The art of weaving palm fronds into baskets and bags by hand has been practiced in Yemen for years—passed on from generation to generation—but artists and craftspeople are struggling to find a market for their wares.

Mohammed Al-Khawlani sits in a small shop behind the Grand Mosque in the Old City, showing off a variety of traditional handicrafts. Everything he sells is made in Yemen.

One group of items stands apart, for its simplicity and beauty—a collection of women’s bags woven with palm fronds.

This is a traditional Yemeni model, Al-Khawlani explains.

Though the materials needed to make the woven bags are available particularly in coastal areas where palms are planted, these products lack marketing.

Fikri Al-Mafa, who works at the Small and Microfinance Enterprises Agency, said that these artisans need better promotion.

“Seventy-five percent of the weavers of these bags are poor, and have no other means of income except from their handicrafts,” he said.

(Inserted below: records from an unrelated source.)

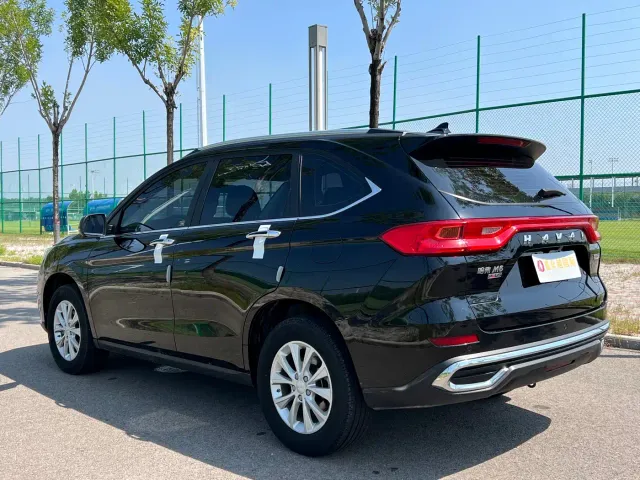 Haval M6 — Фото автомобиля 4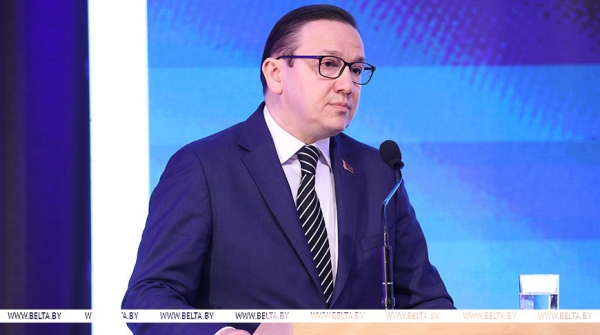 Перцов: Белорусская партия "Белая Русь" должна формироваться как отдельная политическая сила Перцов: Белорусская партия "Белая Русь" должна формироваться как отдельная политическая сила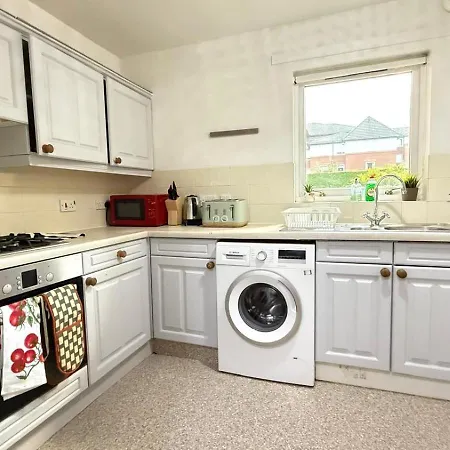 Appartamento Centre Flat Edimburgo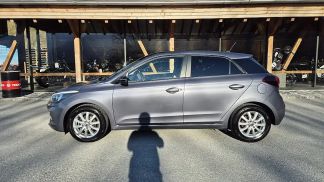 Lízing Sedan Hyundai i20 2019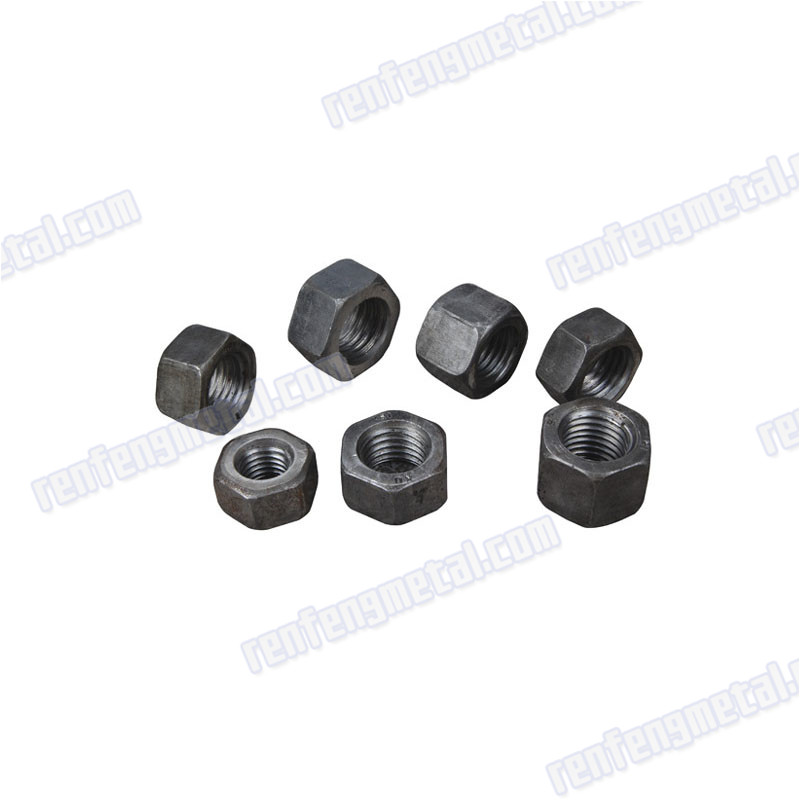Titanium alloy High strength nuts dacromet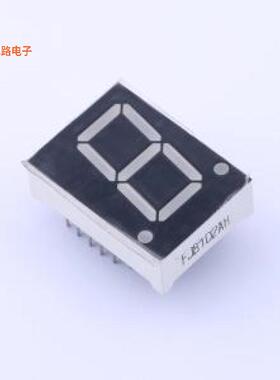 FJ8102AH -[左右脚插件数码管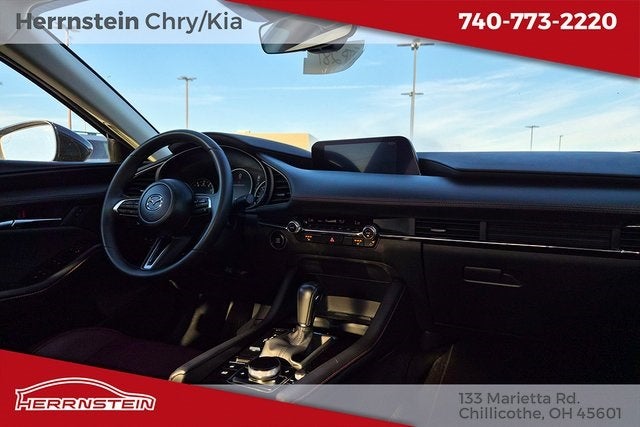 2024 Mazda Mazda3 2.5 S Carbon Edition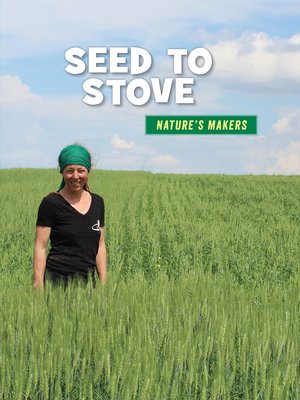 cover image of Seed to Stove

In 2012, the agency launched a project, hoping to get more of the traditional bags on the international market. (A similar project had been launched in 2009.)

Al-Mafa said they began by surveying areas famous for making the woven bags as well as seeking out artist associations.

Hind Talib, the project officer, said that their initiatives took a hit because of the popular uprisings of 2011.

“It was difficult to export,” she says. “Flights to those countries stopped,” she said.

Despite this, they have participated in international handicraft displays in Germany, like the Messe Frankfurt exhibition.

“We participated [in Germany] in 2012. We displayed handicrafts from Sa’ada, Aden Socotra and Hodeida,” she says.

During the exhibitions, the coordinators of the project knew about the foreign demands and technical criteria of the product such as the color and the size besides many criteria, said Talib.

“We have the ability and the talent to work, but we do not have training to improve,” Al-Khawalni said.

Al-Khawlani wants to see their market expand and he has set his sights internationally.

There are artists in Hodeida, Hadrmout and Socotra, coastal governorates where palm trees are abundant.

 Elham Ali Mohammed, is the head of the Women Association for Skill Development, and also an artist.

Along with a number of women in Al-Tuhaita district in Hodeida governorate, Elham began making handicrafts such as men’s hats, fans and woven bags.

 The artisans share one hope: selling the handcrafts they are making.

Amat Al-Bari Al-Adi, a handicrafts advisor in the General Authority for Antiquities Protection, said a huge number of local artists have a hard time promoting their products abroad. Lack of education hold them back, Al-Adi said.

To this end, they’ve held 33 workshops for artists, bringing in trainers from abroad.

Even if they bring in outside help, though, Al-Adi said, they must not lose the Yemeni quality of the age-old art.

“The Yemeni character of the pieces must be guaranteed and preserved,” she said.